Freddato sotto casa a Camaiore con 15 colpi di pistola: a 10 anni dal delitto il ricordo della famiglia

La figlia Stella, neo mamma: “Ci manchi, saresti stato un nonno meraviglioso”
Domani (8 febbraio) ricorrono 10 anni dal terribile delitto avvenuto a Camaiore, vittima Stefano Romanini. E le figlie, Stella e Serena, cosi come la vedova Giuliana, non dimenticano.
“Ogni anno la stessa storia: 8 febbraio – si legge nel post su Facebook della famiglia -. E tutto riporta i ricordi brutti e strazianti della mattina del tuo omicidio”. “Questa volta – spiega Stella, da pochi mesi diventata mamma della sua bellissima Gioia – è un colpo in più, perché saresti stato un nonno premuroso e giocherellone. Ti amiamo tanto e manchi terribilmente, io so che in qualche modo sei lo stesso con noi”.
Fu un agguato in piena regola, una vera e propria esecuzione. L’omicida, incappucciato e armato, lo aveva aspettato sotto casa e quando l’imprenditore era uscito per dirigersi alla sua auto, una Golf grigia parcheggiata di fronte, iniziò a sparare: per Stefano Romanini, all’epoca 46 anni, non ci fu niente da fare. Colpito dai numerosi proiettili esplosi a distanza ravvicinata dal suo assassino, l’uomo si era accasciato in terra in una pozza di sangue ed era morto poco dopo il suo arrivo all’ospedale Versilia .

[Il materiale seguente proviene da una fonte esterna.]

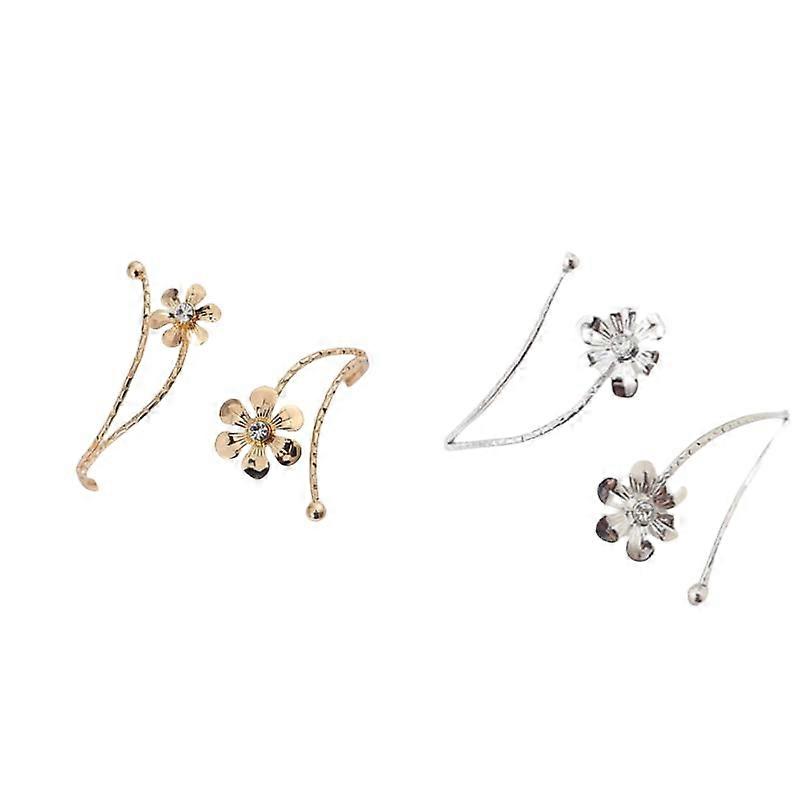 Gold and Silver Floral Curtain Tiebacks with Crystal Center, Nordic Style Decorative Holdbacks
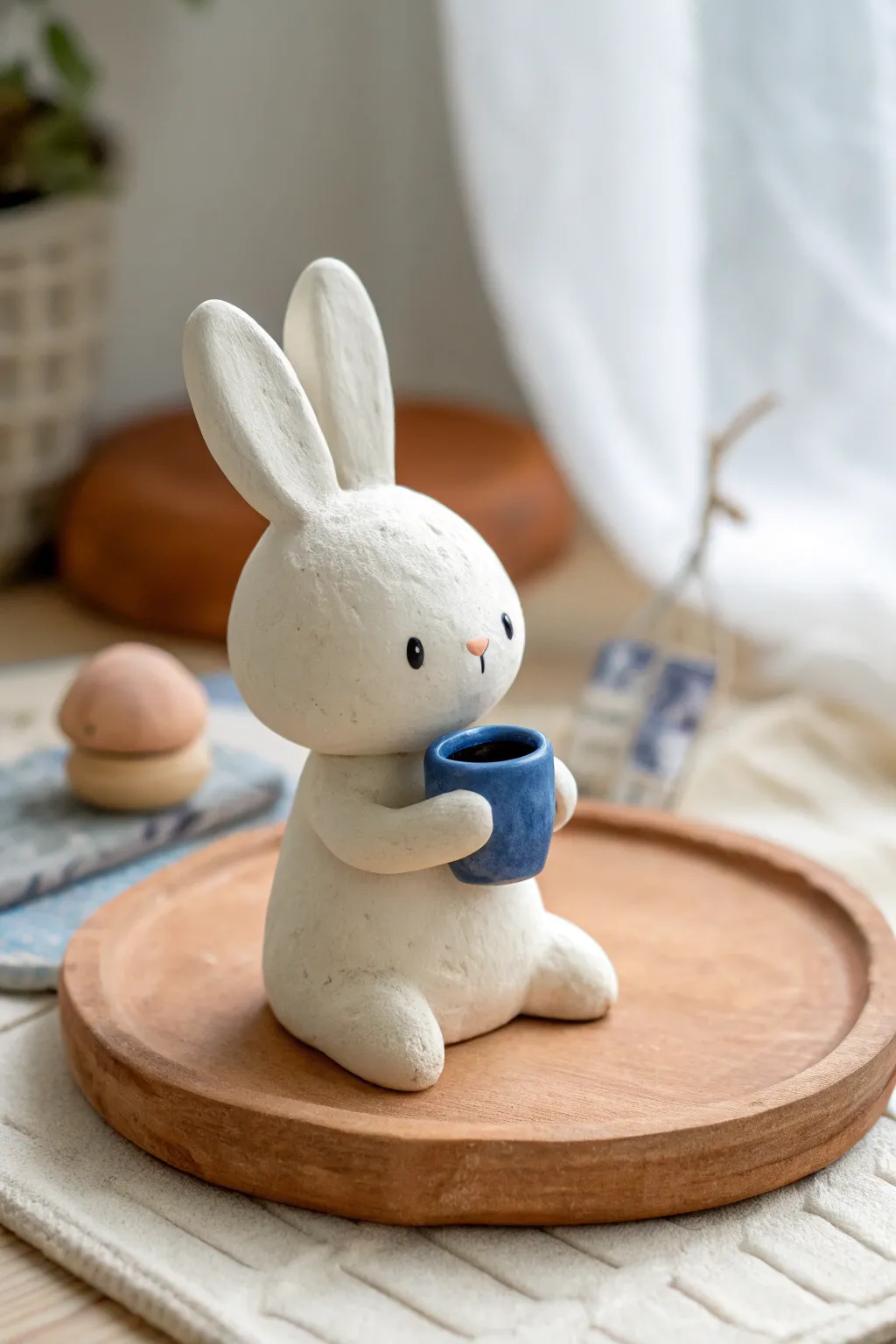 Tiny bunny with a cobalt mug on a terracotta base, a simple air dry clay story scene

Fu un’alba di sangue quella dell’8 febbraio 2011 nella centralissima via Battisti, di fronte al noto ristorante Il Centro Storico. L’imprenditore, titolare di una ditta di escavazioni, la Serena Scavi, ex Escavazioni di Stefano Romanini, sposato con Giuliana Pellegrini, casalinga, e padre di due ragazze, Serena e Stella, era uscito per andare a lavorare, come ogni mattina, ignaro che ad aspettarlo sulla strada ci fosse il suo carnefice: alto, magro, vestito di nero, cappuccio in testa e in pugno una pistola calibro 9. Mai trovato. La prima persona a dare l’allarme fu la moglie di Romanini, che sentendo i colpi di pistola si era affacciata alla finestra e aveva visto il killer fuggire a piedi imboccando via Fonda per poi dileguarsi senza lasciare traccia. La donna, sotto choc, era scesa in strada dal marito che agonizzava a terra: “Mi sento affogare”, furono le uniche e ultime parole dell’uomo colpito a morte dai proiettili. Nonostante il tempestivo intervento di un’ambulanza del 118 che lo aveva trasportato immediatamente al pronto soccorso, Stefano Romanini morì poco dopo il suo arrivo al nosocomio versiliese. Sul posto le volanti del commissariato di polizia di Viareggio, all’epoca diretto da Leopoldo Laricchia, a cui furono affidate le indagini, i reparti della Scientifica che avevano eseguito i primi rilievi balistici, e la squadra mobile da Lucca, con l’allora dirigente Virgilio Russo. L’auto di Romanini, dietro alla quale la vittima aveva cercato di trovare riparo dalla furia omicida del suo assassimo, era stata completamente crivellata dagli spari. Furono esattamente quindici i colpi di pistola esplosi dal killer. Una storia agghiacciante, con una indagine lunga oltre 2 anni, approdata, il 9 maggio 2014, con la richiesta, formulata dal pubblico ministero Fabio Origlio, di rinvio a giudizio del cugino della vittima, Roberto Romanini, accusato dalla Procura di omicidio premeditato, nelle vesti di mandante, e porto abusivo di armi. Poi un processo iniziato, con una prima udienza, e annullato, un nuovo procedimento, con due condanne all’ergastolo sia in primo grado che in appello. In attesa che la corte di cassazione scriva la parola fine alla vicenda giudiziaria rimasta senza aver mai individuato chi materialmente quella mattina di 10 anni fa sparò, uccidendo la vittima.